Monday, February 23, 2009

A Reasonable Yet Completely Unworkable Solution for Israel and Palestine

The Land of Milk, Honey, and Political Parties recently held its parliamentary elections, which doesn't really decide the prime minister because no one ever gets a majority. Instead, the president (currently the ubiquitous Shimon Peres) gets to decide who gets first crack at putting together a workable coalition. The full results are here, but the major parties will be given seats as follows (there are 120):

- Kadima (center): 27
- Likud (righties): 26
- Yisrael Beiteinu (think Jewish Pat Buchanan): 15
- Labor (lefties): 13
- Shas (Jewish Pat Robertson in party form): 11

Assorted small parties, often single-issue types, make up the balance.

Technically, that means that Kadima leader Tzipi Livni should get first crack at the government. However, the only natural major ally for Kadima is Labor - there are more right-wingers total there than left-wingers and centrists. As a result, Peres is letting Likud chief Binyamin Netanyahu (a former PM - Israeli political power is passed around between approximately six people) form the government. However, Netanyahu will probably bring Kadima into the coalition so he doesn't have to rely on crazy people like the National Union (4 seats).

Anyway, it's probably unlikely that any steps towards peace over there are going to come out of this mess. Before the election, Livni made waves by stating plainly that Israel is going to have to give the Palestinians a state, and that's just the way it is. Netanyahu responded by saying that he'd rather focus on economic development and to hell with a second state. The sad part is, they both have a point. A single state is simply a non-starter with too many people, and the PA is currently nowhere near economically viable as a separate unit.

So here's my idea. It's loosely based on Britain's arrangement with China over Hong Kong. What should happen is this: the PA should submit itself fully to Israeli authority. Israelis would be in charge of policing the West Bank and Gaza and ensuring that nobody blows anything up. In return, Israel should:

- Remove all internal roadblocks in the West Bank and Gaza
- Freeze all Israeli settlement in the West Bank and continue the settlement ban on Gaza
- Remove the economic blockade on Palestinian goods; allow PA residents to trade freely with other states
- Guarantee property rights of Arab residents of the West Bank and Gaza, and issue Arab landowners deeds for their land
- Implement programs encouraging entrepreneurship among Arabs in the WB and Gaza
- Most importantly, guarantee the creation of a Palestinian state on land consisting of 90% of the land area occupied by Israel in 1967 on a set date, say, 20 years from now.

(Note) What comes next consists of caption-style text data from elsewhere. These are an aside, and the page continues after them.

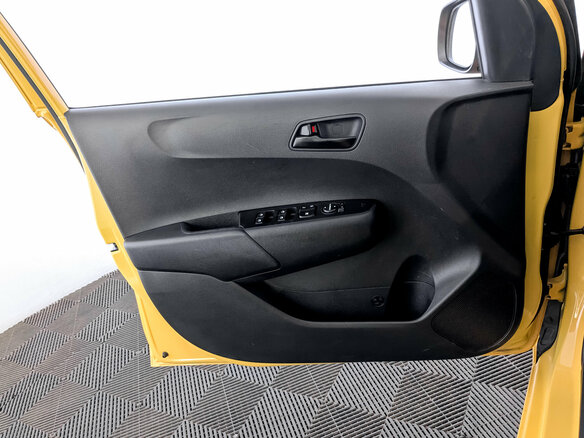 2022 Kia Picanto III Рестайлинг, жёлтый, 1685000 рублей - вид 18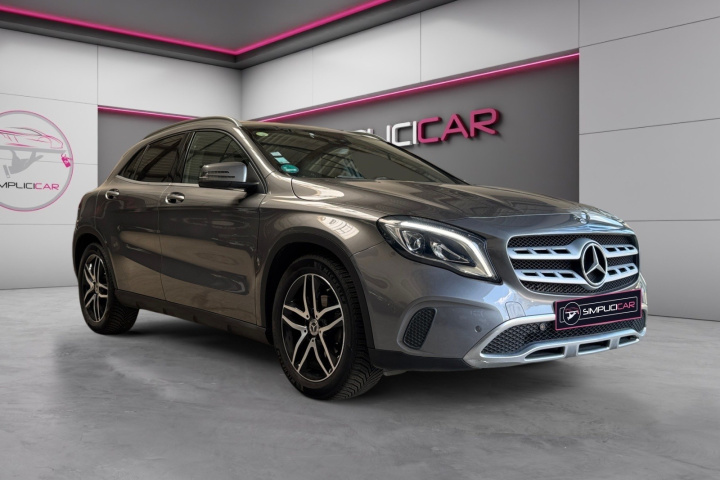 MERCEDES GLA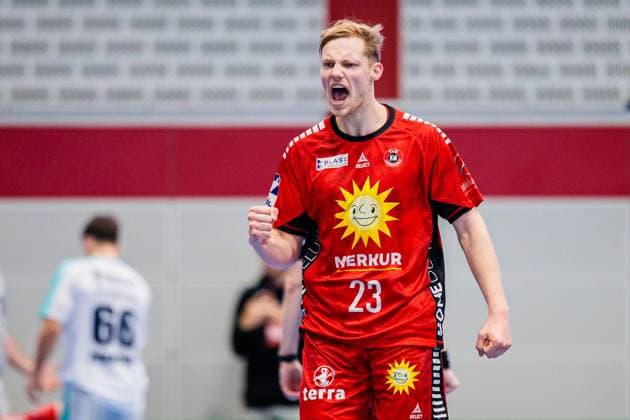 Niko Blaauw TuS N Luebbecke, 23 cheers GER, TuS N Luebbecke vs SG BBM Bietigheim, Handball, 2 Bundesliga, Matchday 3, Season 2025 2026, 12 09 2025 GER, TuS N Luebbecke vs SG BBM Bietigheim, Handball, 2 Bundesliga, Matchday 3, Season 2025 2026, 12 09 2025 Luebbecke Copyright: xEibner-Pressefoto JanxRollingerx EP_JSK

The advantages of this are obvious. Palestinians need economic development to be a viable state, but there's not enough resources to keep things stable and they can't agree on a leadership. And because there's no political stability, there's no economic development. It's clear that Palestinians are in a vicious cycle that they can't get out of on their own - statecraft requires money, and there's no money there because there's no state. What this plan does is give the PA territories the political stability necessary to form a reasonable economy, along with giving them the tools needed to start an economy (property rights and capital). PA nationalists ought to be mollified by the promise - hopefully backed by American administrations - to grant independence to Palestine on a set date, and the PA can improve its governing ability as the economy grows. That way, an end to the occupation is in sight, and that would only encourage the Palestinians to take control of their own affairs. And when the occupation does end, the West Bank and Gaza will have an economy that will leave them able to survive as an independent state.

Of course, nationalists on either side are too strong to allow this plan to occur. Oh well. I think it's a good idea, anyway.